> _Exercise details_
Every line of the data is to be reproduced exactly.

> _Items from a dataset_
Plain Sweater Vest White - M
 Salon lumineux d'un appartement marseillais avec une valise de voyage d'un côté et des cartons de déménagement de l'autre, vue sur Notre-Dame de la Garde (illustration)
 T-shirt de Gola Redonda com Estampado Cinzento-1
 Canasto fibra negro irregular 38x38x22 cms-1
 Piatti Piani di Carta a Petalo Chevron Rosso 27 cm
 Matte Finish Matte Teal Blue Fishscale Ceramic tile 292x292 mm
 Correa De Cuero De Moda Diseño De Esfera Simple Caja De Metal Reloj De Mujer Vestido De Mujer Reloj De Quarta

> _Solution below_
Plain Sweater Vest White - M
 Salon lumineux d'un appartement marseillais avec une valise de voyage d'un côté et des cartons de déménagement de l'autre, vue sur Notre-Dame de la Garde (illustration)
 T-shirt de Gola Redonda com Estampado Cinzento-1
 Canasto fibra negro irregular 38x38x22 cms-1
 Piatti Piani di Carta a Petalo Chevron Rosso 27 cm
 Matte Finish Matte Teal Blue Fishscale Ceramic tile 292x292 mm
 Correa De Cuero De Moda Diseño De Esfera Simple Caja De Metal Reloj De Mujer Vestido De Mujer Reloj De Quarta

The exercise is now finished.